In Lunn’s eyes, the villain of this tale is Scottie Pippen, who started a pointless legal battle that accomplished nothing more than delaying by more than a year the day when Lunn could pay him what he owed. But by some accounts, Lunn’s wounds were self-inflicted, his flaws fatal enough to have made this reckoning inevitable. “I think his ego front-ran him, and he got to the point where he thought he couldn’t make a mistake,” says the former Lehman Brothers colleague. “Instead of buying General Electric and Monsanto and Procter & Gamble and building a [conventional] portfolio, he was always swinging for the fences, doing these weirdo private deals.” Had Lunn stuck to stocks and bonds, “there wouldn’t have been any lawsuit.”
On that point even Lunn agrees. “In hindsight, I wish I would have put Scottie in an index fund, because I couldn’t be criticized for that,” he says. “But he wasn’t paying for that. He was paying for something that was different and unique.”
Today Lunn is starting over with little but his health and his family. Over the past two years, he says, he has gotten a Ph.D., figuratively speaking, in commercial real-estate development, and in the future he hopes to do more of it along with private equity investing. He now has the opportunity to take a 30-percent stake in Primestor Chicago, which owns the two commercial properties, provided he can fund that share of the debt when he emerges from bankruptcy. “I will survive in the real-estate business and just go back to living off my wits again,” he says.

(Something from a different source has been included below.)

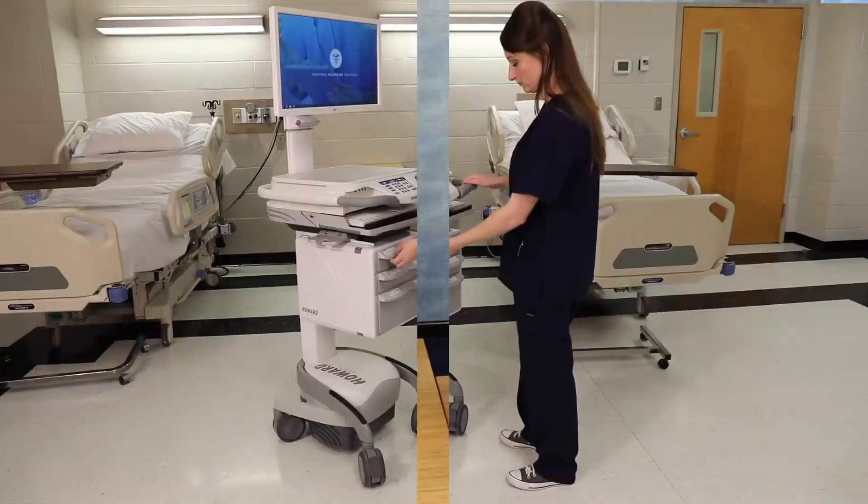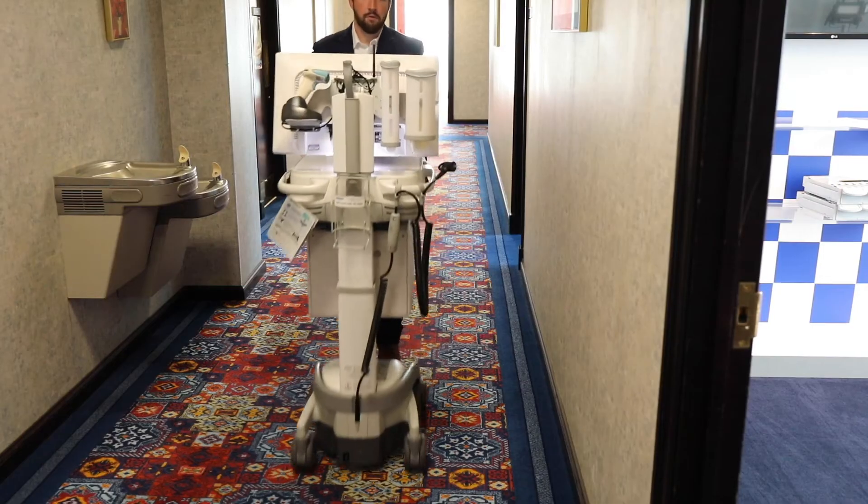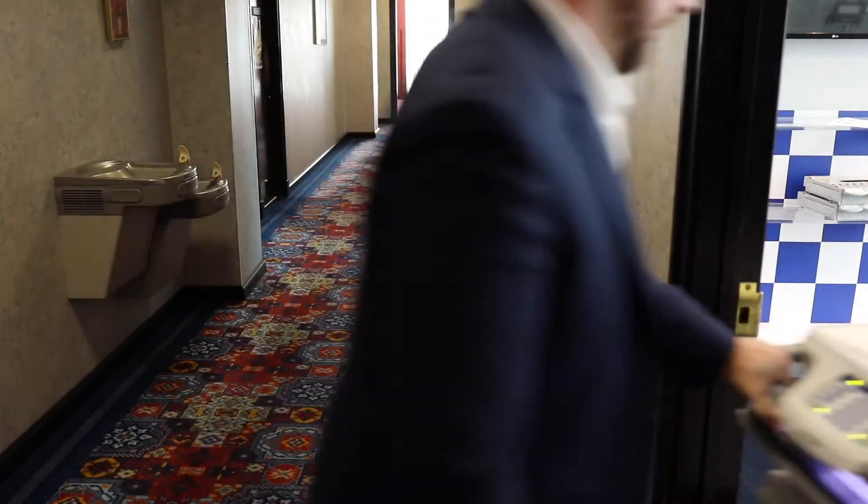Welcome to Howard Medical's High Care E and High Paradigm E series of carts. In this video, we will demonstrate the features, functions, and operation of our point-of-care carts.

But even now, Lunn can’t help thinking that “none of this had to be. What bothers me the most, in retrospect, is that if Scottie and I would have managed to get along, which was prevented by the airplane suit, we’d be playing golf somewhere today,” Lunn says, as if that heartwarming tableau were almost close enough to touch. “And I’d be saying, ‘Look at how badly you would have done if you had stayed in the stock market-versus where you are now.’” It’s a lovely thought-Lunn and Pippen together again, teammates again, friends again. Just like old times.